◆ **PROBLEM STATEMENT**
Look through the material below and copy exactly the lines from the line with "Lululemon mesh high times leggings size 6" to the line with "Čínský prezident Si", those two lines included.

◆ **RECORDS FOR THE TASK**
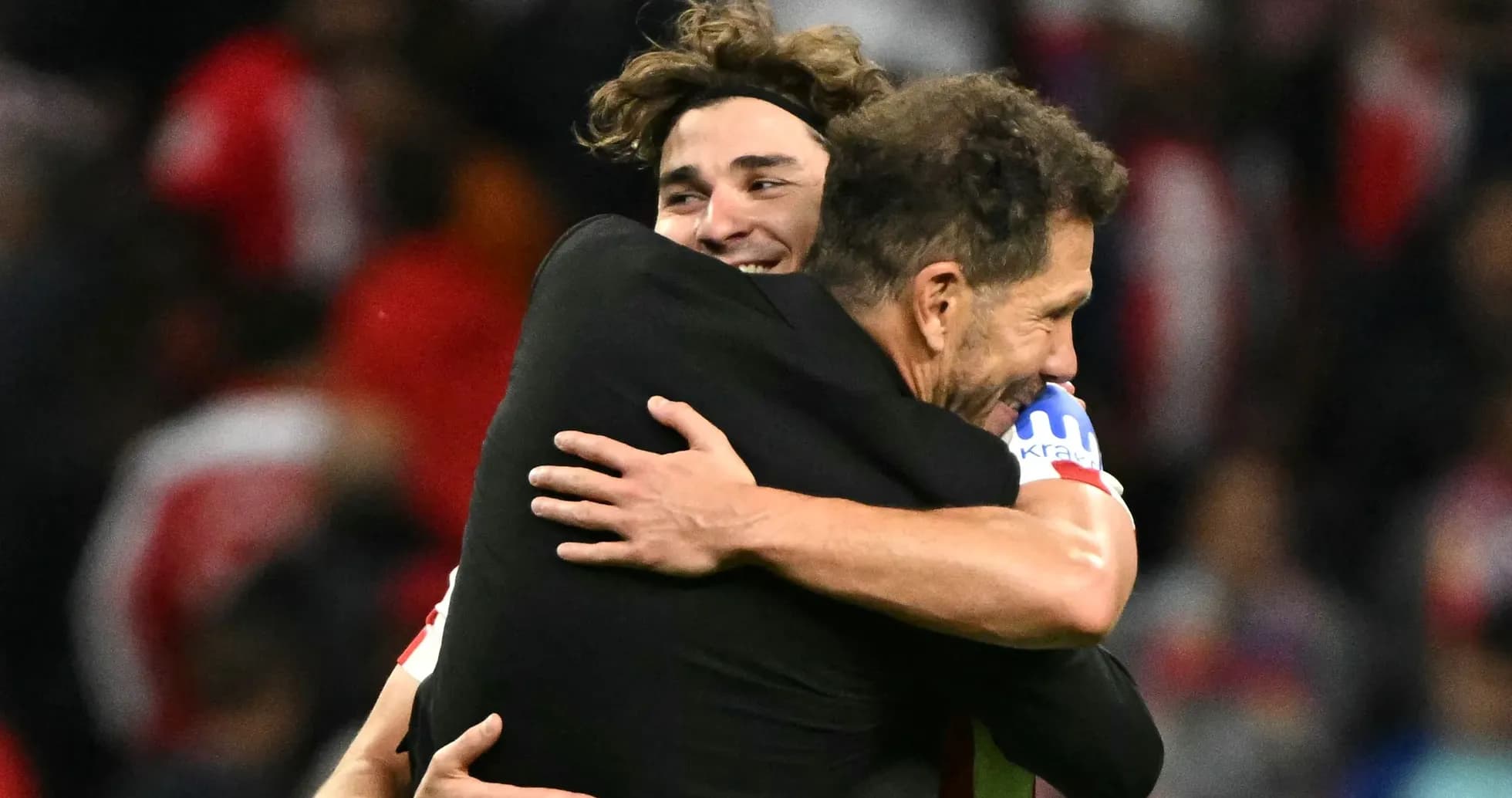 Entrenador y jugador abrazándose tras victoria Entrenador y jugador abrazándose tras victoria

--

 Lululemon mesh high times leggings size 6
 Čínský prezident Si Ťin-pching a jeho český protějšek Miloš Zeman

---

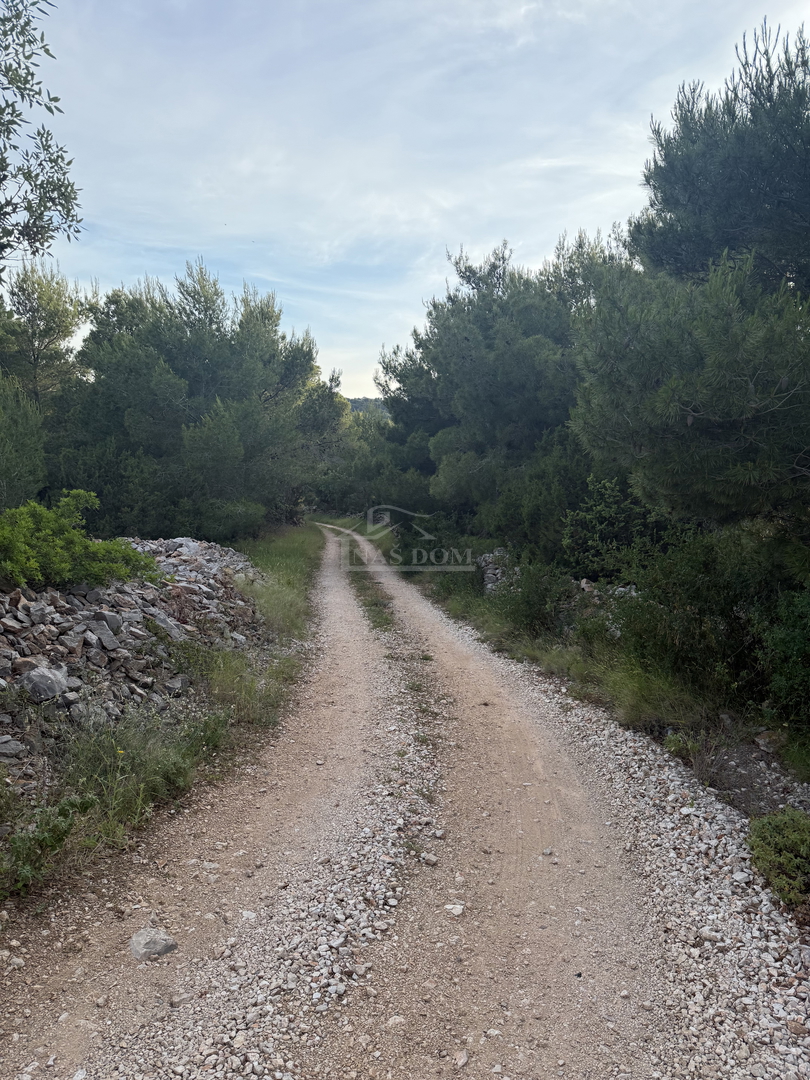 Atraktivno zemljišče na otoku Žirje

◆ **ANSWER FOR THIS EXERCISE**
 Lululemon mesh high times leggings size 6
 Čínský prezident Si Ťin-pching a jeho český protějšek Miloš Zeman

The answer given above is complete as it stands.